Having said that as has been pointed out above FP64 is pointless in games.
 
This is the silliest thing about the memory on the Radeon VII, the bandwidth.

Below is a pic of the memory bandwidth on the RTX Titan overclocked very high and it is nowhere near the figure claimed for the new AMD card, are they really saying it needs that much compared to a much faster NVidia card.

There was a time when AMD delivered exactly what gamers needed.


No, AMD never intended to give a consumer gaming card that much bandwidth. It all comes back to the fact that it is a salvaged part from failed Instinct Mi60 GPUs. Once the 4 stacks of HBM2 are mounted to the interpose you can't remove them. Therefore you get 16GB VRM with 1TB/S bandwidth, of the whole lot goes in the bin.


If AMD wanted to have a dedicated gaming part they would have stuck to 2 stacks of HBM for 8GB and 512GB/s
 
No, AMD never intended to give a consumer gaming card that much bandwidth. It all comes back to the fact that it is a salvaged part from failed Instinct Mi60 GPUs. Once the 4 stacks of HBM2 are mounted to the interpose you can't remove them. Therefore you get 16GB VRM with 1TB/S bandwidth, of the whole lot goes in the bin.


If AMD wanted to have a dedicated gaming part they would have stuck to 2 stacks of HBM for 8GB and 512GB/s
Was about to reply to him, but it seems you did it for me. Basically this.
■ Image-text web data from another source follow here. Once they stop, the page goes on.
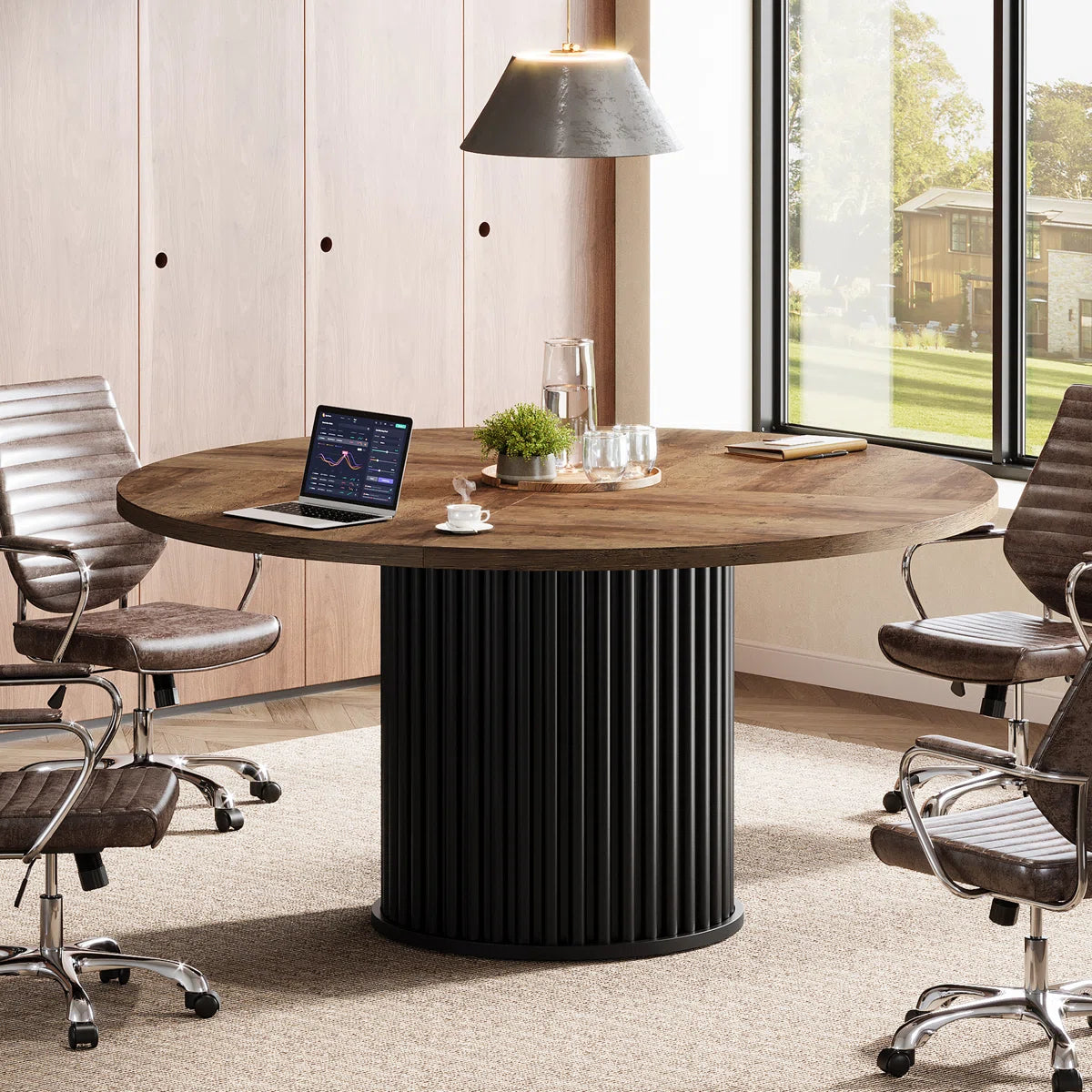 47-inch Round Conference Table For 4-OUCH CART 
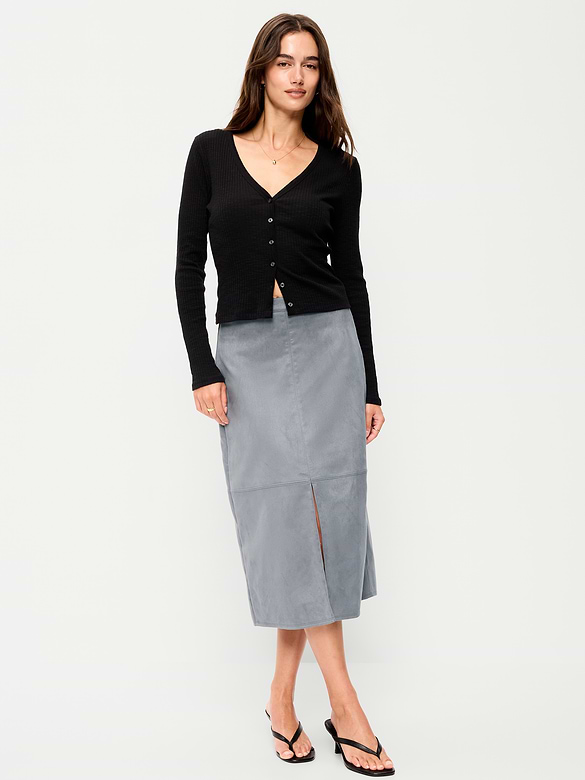Faux-Suede Pencil Midi Skirt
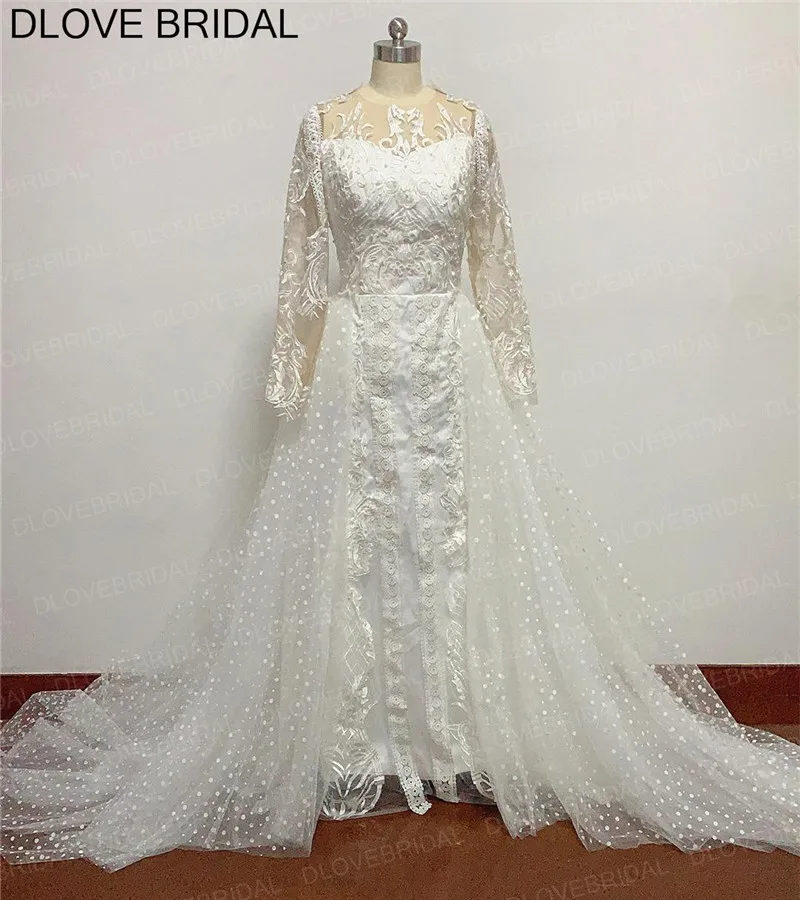 Stunning Detachable Wedding Dress with Long Sleeves High Quality Heavy Beaded Ivory Lace Bridal Gown Covered Buttons Real Photos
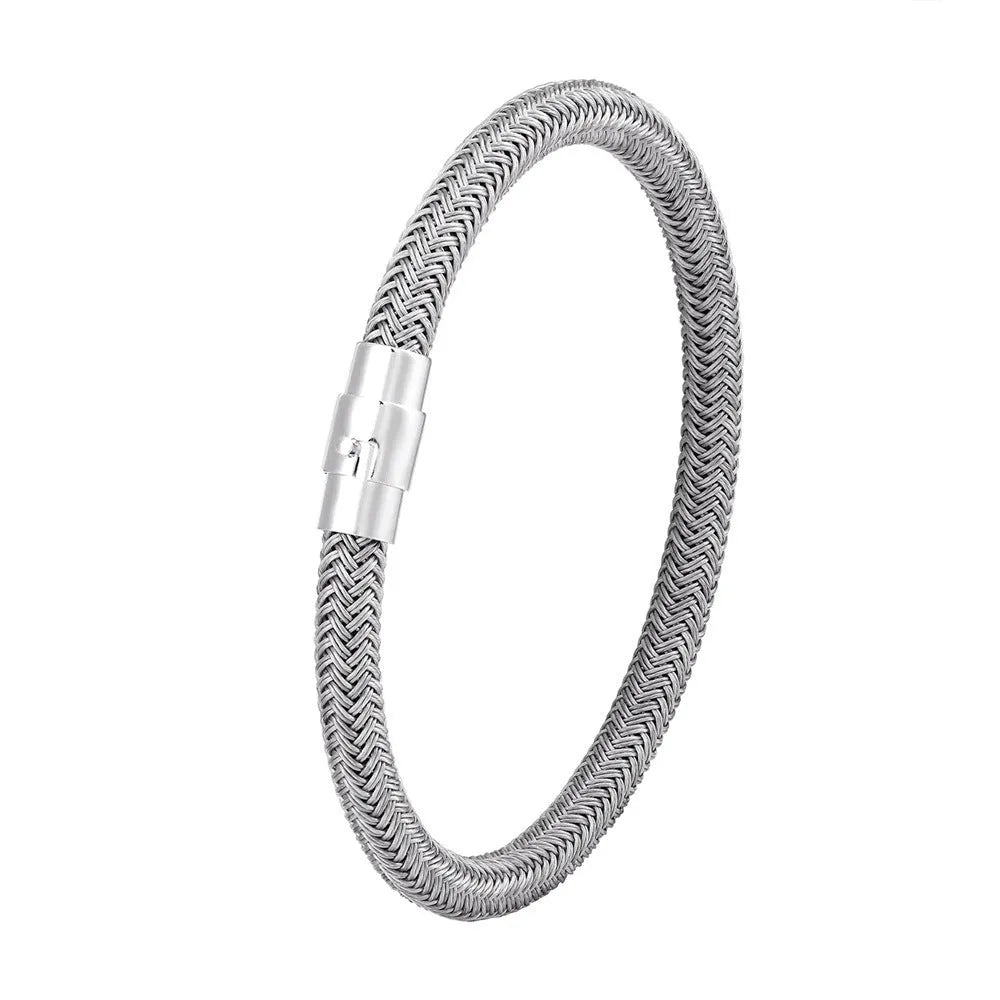 Titanium steel geometric wire bracelet with a magnetic clasp shown in various sizes.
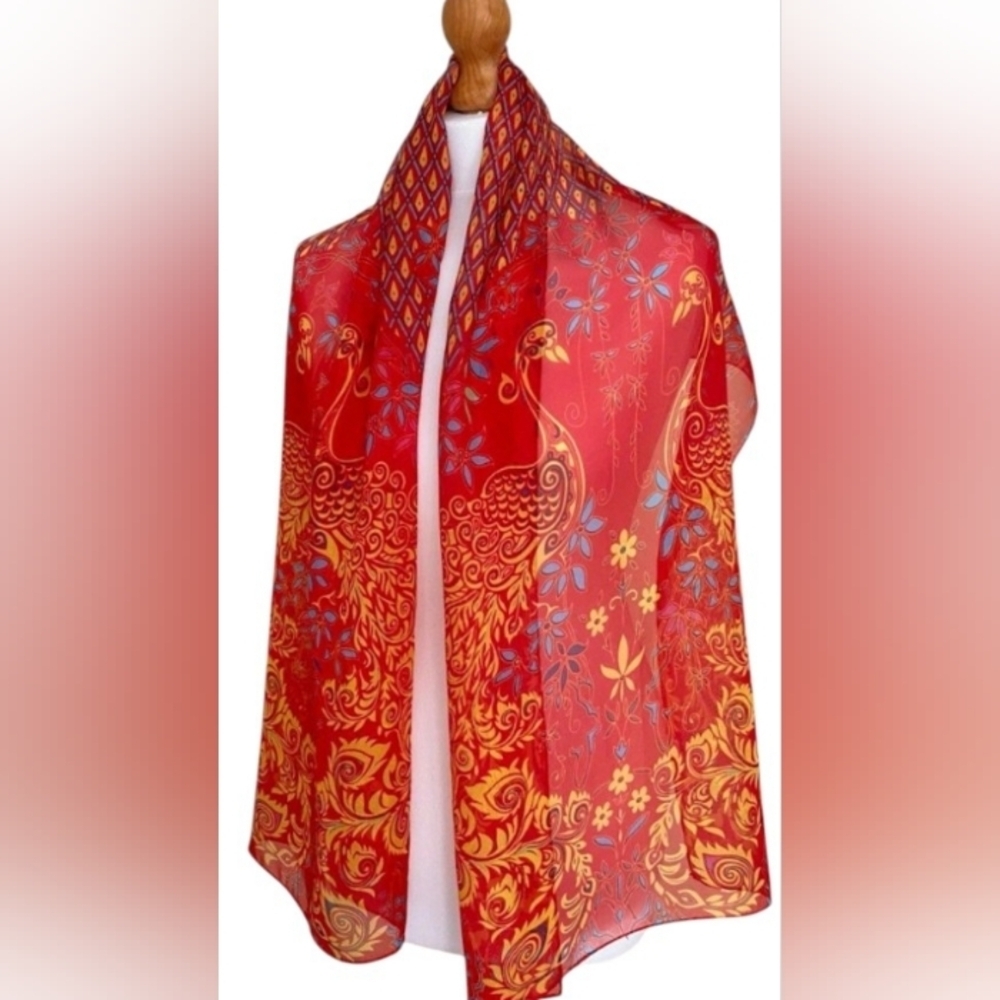 Silk Vintage Peacock Bird Paisley Floral Retro Artsy Whimsical Shaw Scarf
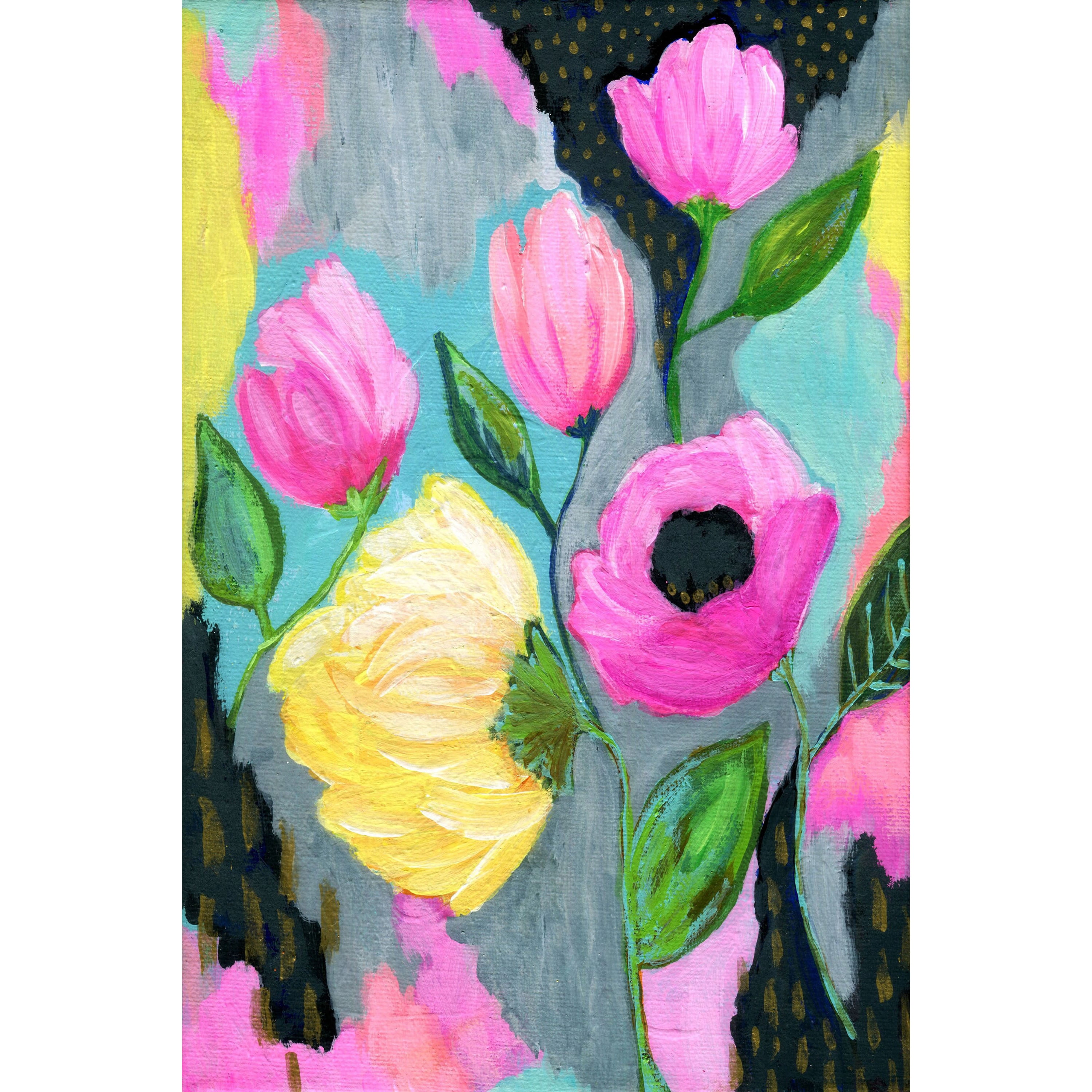 Marmont Hill "Bold Flowers" by Jill Lambert Painting Print on Wrapped Canvas
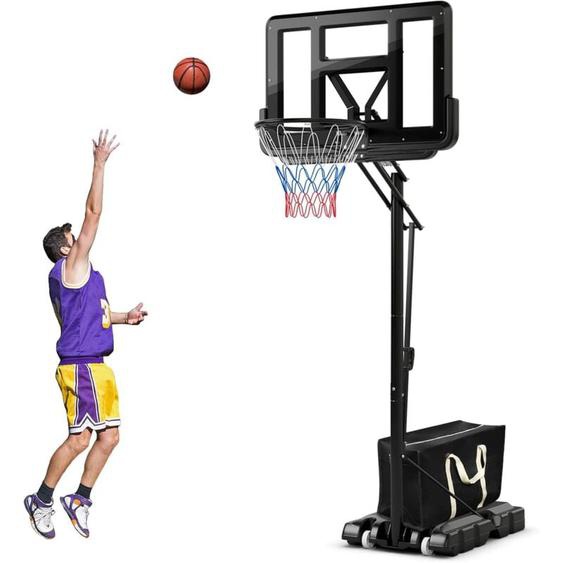 Costway - Panier de Basket-Ball sur Pieds Hauteur Réglable 143-305cm, Support de Basket Portable à roulettes avec Sac Sécurisé, Panneau Arrière de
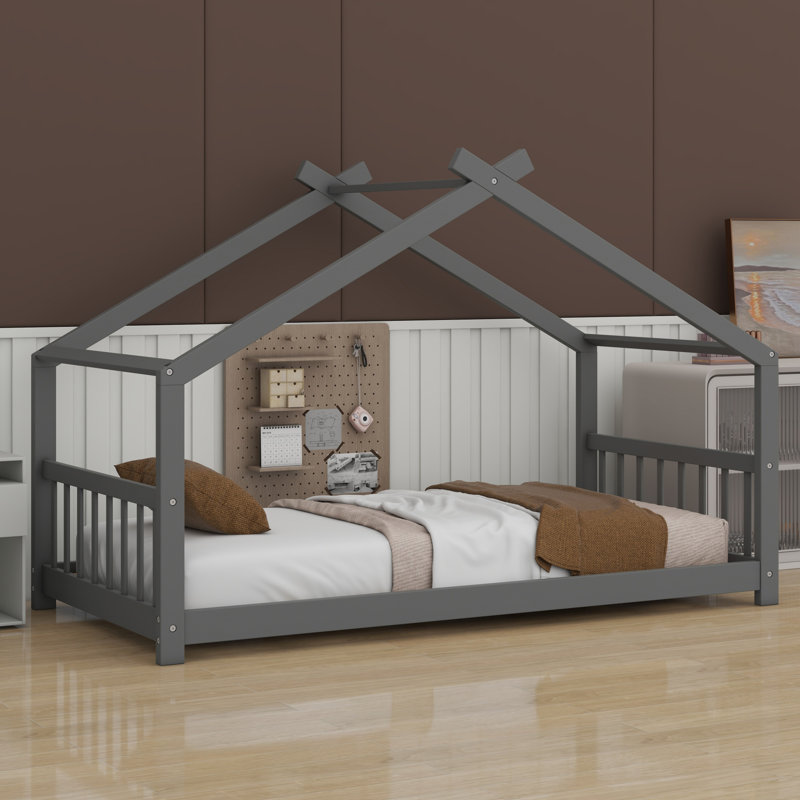 Lit en bois House House, gris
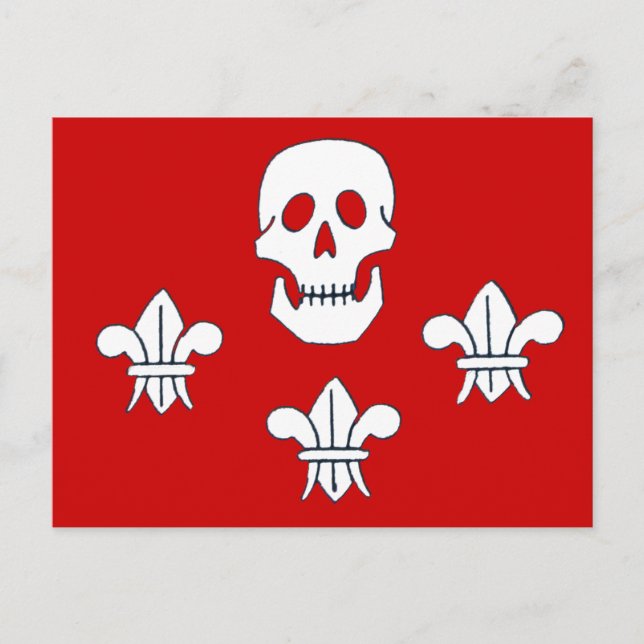 PIRATENFLAGGE SKULL UND DREI LILIES FLAG POSTKARTE (Vorderseite)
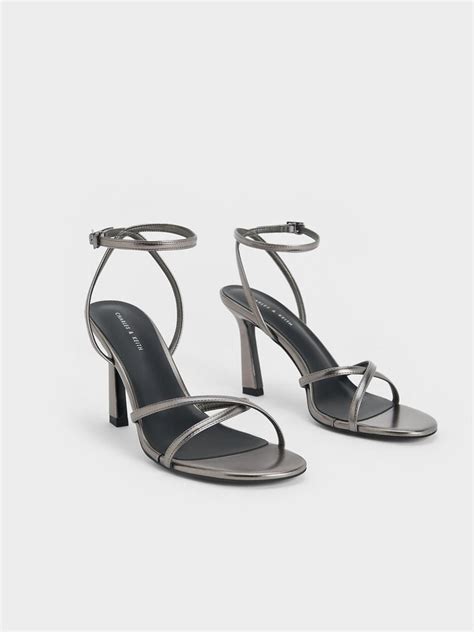 Metallic Crossover-Strap Heeled Sandals - Pewter - CHARLES & KEITH IN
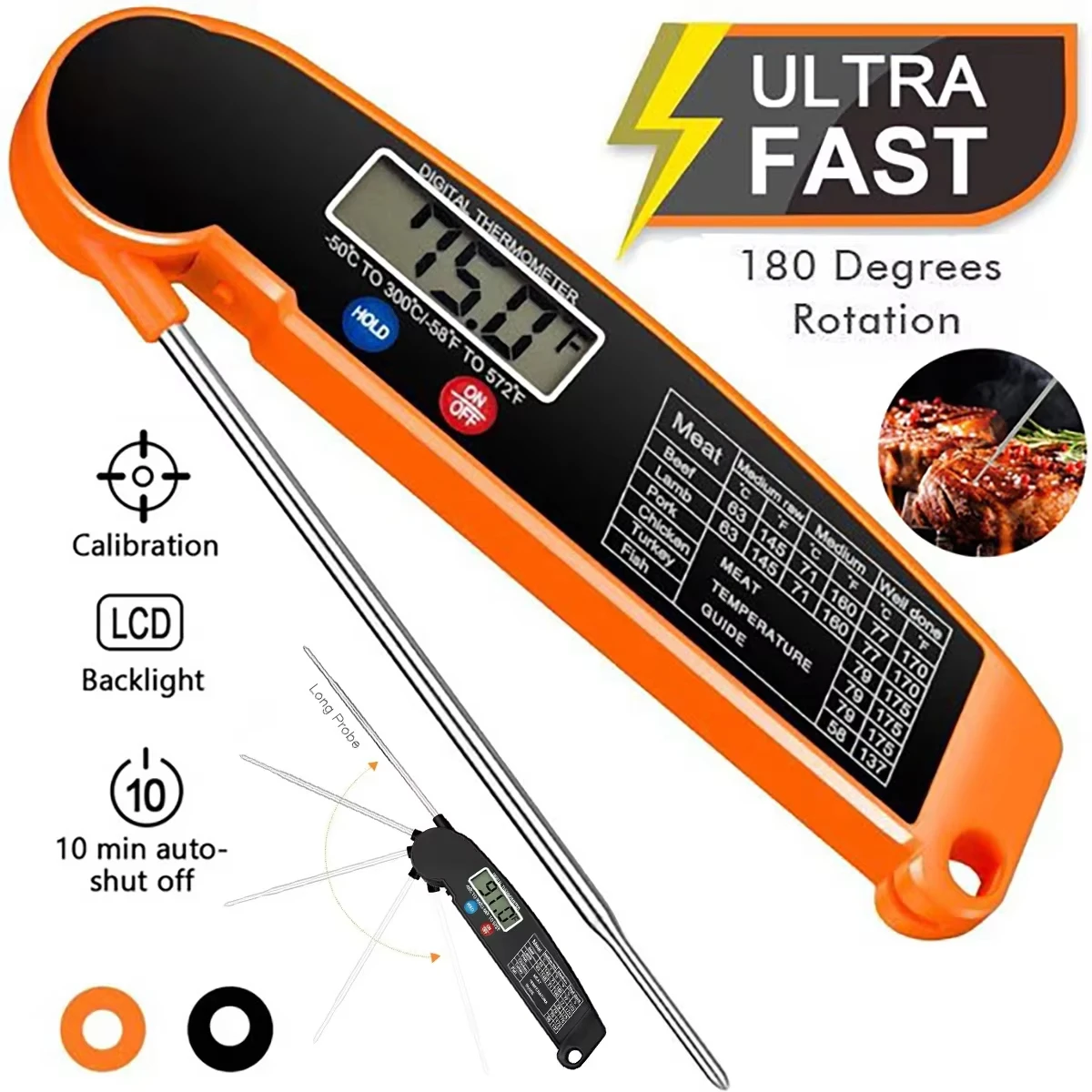 Home Digital Meat Thermometer Foldable food thermometer for Meat/Water/Milk/Fry/BBQ kitchen Oven Temperature,termómetro cocina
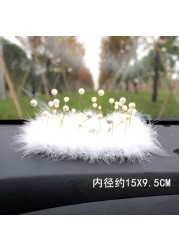 High-grade pearl feather car anti-slip mat dashboard mat perfume seat cushion mobile phone storage mat interior accessories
It is not made from the ground up for gamers. No need to be confused :)

AMD trying to be relevant in the gfx arena

Rad 7 is a silly card with silly memory for silly money

:p
It might end up only being £50 more than what you paid for your 1080 Ti in the end easy, if it performs the same then it will be funny as you are calling this silly, but you went on about your £600 purchase of a 1080 Ti like it was the best deal ever. Lol.
 
Nope not buying, The R7 only has 3840 stream processors and the full card has 4096 so they'll probably release a R7+ i.e the full fat thing, 6 months after, Then I'll buy it.

Just a suspicion.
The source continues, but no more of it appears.